The bureau underwent leadership changes in the 1960s and '70s. Gurevich retired in 1964, and Mikoyan died in 1970 and was succeeded by his deputy Rostislav A. Belyakov. With Belyakov at the helm, the organization, which in 1978 was renamed to honour Mikoyan, produced several new fighter aircraft for the Soviet Union. They included the MiG-29 attack light interceptor and the all-weather MiG-31 fighter-interceptor, both of which first flew in the 1970s. In the late 1980s the formal name of the design bureau was changed to ANPK imeni A.I. Mikoyana (Aviation Scientific and Production Complex named after A.I. Mikoyan), although it remained commonly known as MiG.

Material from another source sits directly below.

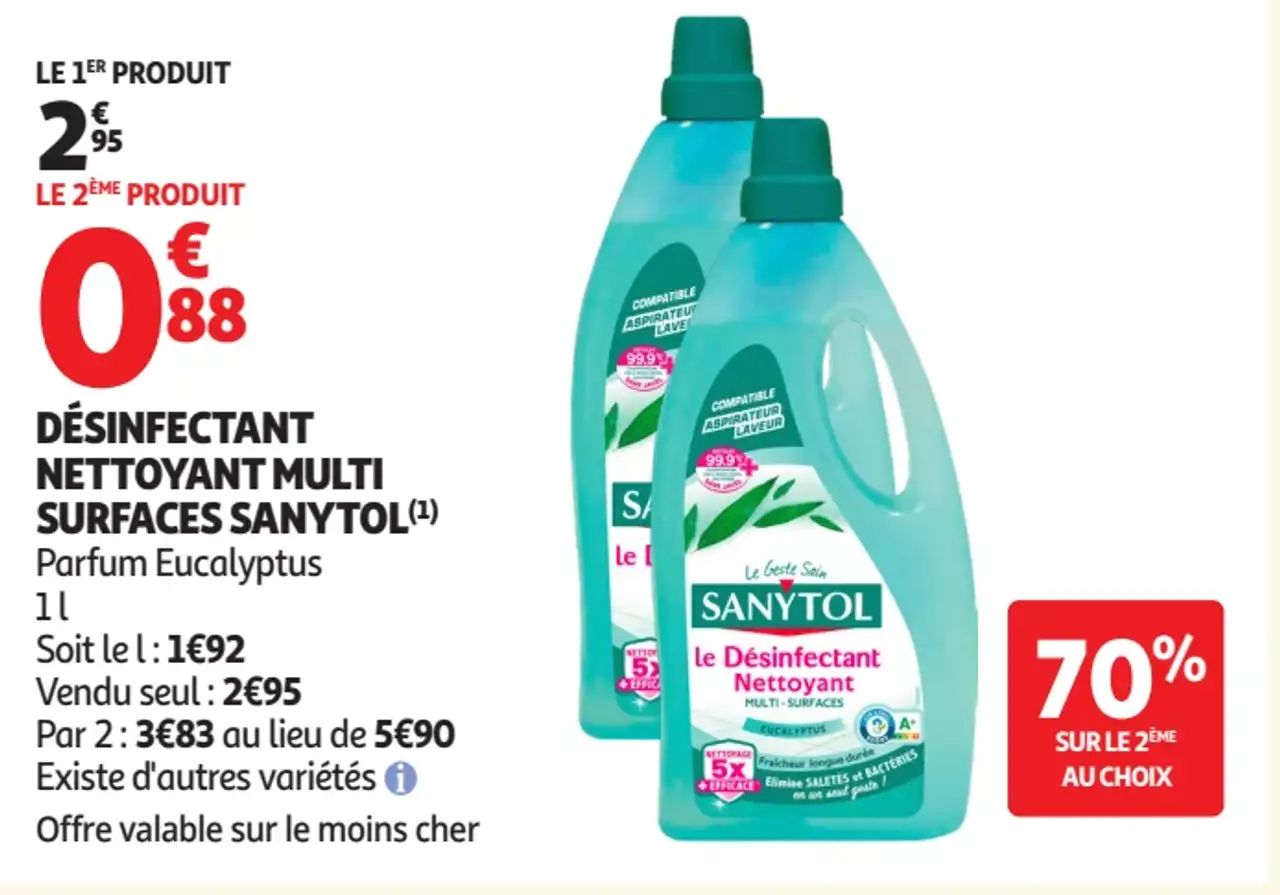 Désinfectant nettoyant multi surfaces Sanytol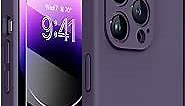 Miracase Designed for iPhone 14 Pro Max Phone Case with Screen Protector,[Upgraded Enhanced Camera Protection],Shockproof Liquid Silicone Case with Microfiber Lining,6.7 inch(Dark Purple)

Following the dissolution of the Soviet Union in 1991, the company, like many other former Soviet defense enterprises, restructured its operations. In 1995 the Russian government established MAPO-MiG (Moscow Aircraft Production Organization-MiG) by combining aircraft production plants with the design bureau. The following year Russian President Boris Yeltsin established the giant VPK MAPO, which consolidated 12 major aerospace firms including MAPO-MiG, as a single entity that could focus on research and development, manufacturing, and marketing of aircraft, engines, avionics systems, and other aerospace products. In the late 1990s MAPO-MiG was beset by financial embezzlement scandals, fierce competition from Sukhoy, major layoffs, and the resignations of several senior designers. In 1999, as part of a general restructuring, the Russian government renamed MAPO-MiG as the MiG Aircraft Building Corporation.

To survive in an extremely strained post-Communist economy, the company turned mostly to export sales of modernized versions of the MiG-29. Despite the lack of government interest, it continued to develop advanced fighter concepts, including the 1.42 multifunctional fifth-generation fighter. Also known as the 1.44I, the aircraft made its first flight in 2000.